What this error means
The exception “all shards failed” arises when at least one shard failed. This can occur due to various reasons, such as: if text fields are being used for document aggregations or performing metric aggregation; if a given search failed on the shard and is in an unrecoverable state, and therefore no response could be given for that shard (though the shard itself is fine); or some special aggregations (like global and reverse nested aggregation) are not used in the proper order.
Possible causes
Below are 5 reasons why this error may appear, including troubleshooting steps for each.
1. Text fields are not optimized for operations
This error sometimes occurs because text fields are not optimized for operations that require per-document field data like aggregations and sorting, so these operations are disabled by default.
Quick troubleshooting steps
To overcome the above error, you need to enable the field data on the field if you want to get rid of the error but beware – it can cause performance issues.
If you are not using any explicit index mapping definition, then you can simply use the .keyword sub-field in order to run aggregation on it.
However, if you have defined index mapping,and if you don’t have the keyword field then you can use a multi-field which is useful to index the same field in different ways for different purposes. You can also change the data type of the name field from text to keyword type in the index mapping definition (to enable aggregation on it), as shown below –
{ "mappings": { "properties": { "name":{ "type":"keyword" // note this } } } }
2. Metric aggregations can’t be performed on text fields
Metric Aggregation mainly refers to the maths calculation done on the documents present in parent buckets.
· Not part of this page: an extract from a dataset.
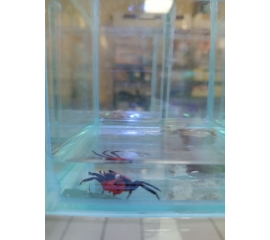 Аквариумный краб красный дьявол в Зоомагазин "Природа"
Therefore, you cannot perform metric aggregation on text fields. If these aggregations are performed on a text field, you will get the “all shards failed” exception.
Quick troubleshooting steps
- The sum/max/min/ ie metric aggregation can work on a script instead of a field. The script would transform the text into a numeric value (e.g. Integer.parseInt(doc.cost.value)) or starting ES 7.11 you can use the runtime field which can be used in the query and aggregations.
- If you want to avoid scripts in search query, you can change the data type of the cost field to a numeric type, to avoid the error. The index mapping definition will be like below:
{ "mappings": { "properties": { "cost":{ "type":"integer" // note this } } } }
3. At least one shard has failed
The aforementioned exception may arise when at least one shard has failed. Upon restarting the remote server, some shards may not recover, causing the cluster to stay red. You can check the health status of the cluster, by using the Elasticsearch Check-Up or cluster health API:
GET _cluster/health
One way to resolve the error is to delete the index completely (but it’s not an ideal solution).
4. Global aggregations are not defined as top-level
Global aggregation is a special kind of aggregation that is executed globally on all the documents without being influenced by the query. If global aggregations are not defined as top-level aggregations, then you’ll get the “all shards failed” exception.
Quick troubleshooting steps
To avoid this error, you should ensure that global aggregations are defined only as top-level aggregations and not as sub-level aggregation.
For example – In the above case you should change the search query as follows (note here that global aggregation is defined as a top-level aggregation):
{ "size": 0, "aggs": { "all_products": { "global": {}, "aggs": { "genres": { "terms": { "field": "cost" } } } } } }
5. Reverse nested aggregation is not used inside a nested aggregation
Reverse nested aggregation is a single bucket aggregation that enables aggregating on parent docs from nested documents.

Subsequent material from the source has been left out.